QUAND TU CHANTES ÇA VA

Troisième long métrage du cinéaste suisse d’origine portugaise Basil Da Cunha, Manga D’Terra nous plonge en immersion dans un quartier de Lisbonne où vit une communauté capverdienne. C’est dans ces rues-là que débarque Rosa, surnommée Rosinha (interprétée par la musicienne Eliana Rosa), avec un espoir déterminé dans ses bagages. Ce point de départ est l’unique point commun avec Vitalina Varela de Pedro Costa, car moins qu’une scène prête à donner naissance à des mythes et d’ambitieuses visions, ce quartier-là (où le cinéaste a lui-même vécu quinze ans) est ici avant tout un réel lieu de vie, filmé avec réalisme par une caméra qui se faufile dans les maisons, et les ruelles, suivant les personnages au plus près à coups de gros plans.

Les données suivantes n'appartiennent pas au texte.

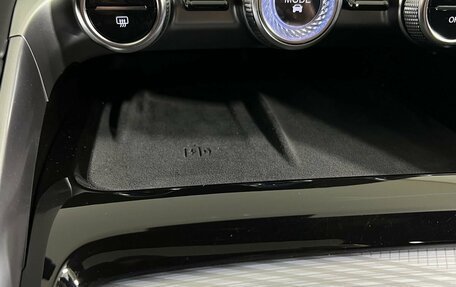 CheryExeed TXL, 2024 год, 3 397 000 рублей, 22 фотография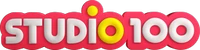 Studio100-logo-nieuw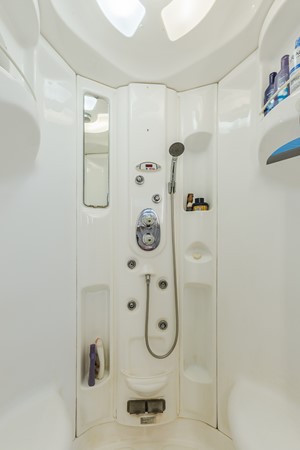 Medium property photo - Van Ommenstraat 3, 8326 CP Sint Jansklooster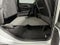 2026 RAM 2500 Laramie Crew Cab 4x4 6'4' Box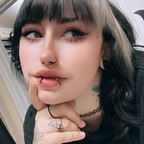 Onlyfans free content jaybabypup 

 picture 1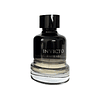 Perfume Fragrance World Invicto Intense EDP 100 Ml Hombres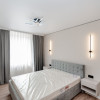 Ofertă nouă! Apartament de vânzare în Durlești – str. Regele Carol. thumb 4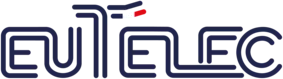 EUTELEC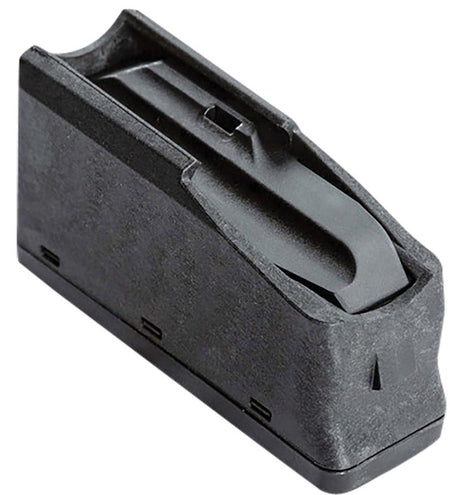CVA Cascade Standard Magazine .270 Win .30-06 3-Round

Le titre du film fait référence à la mangue, fruit qui, selon une chanson entendue dans le film, symbolise la résilience par sa capacité à pousser même en terre étrangère. Déracinée et chahutée par l’agitation de son nouveau monde, la vie n’est pas simple pour Rosa. Évidemment, est-on tenté de rajouter. En effet, s’il ne manque pas de sincérité, ce portrait bienveillant d’une femme luttant courageusement pour sa dignité manque souvent d’une trame narrative plus originale et unique. L’imprévu pointe pourtant régulièrement le bout de son nez, et cela à travers des passages musicaux et chantés qui viennent faire d’émouvantes pauses dans le récit. 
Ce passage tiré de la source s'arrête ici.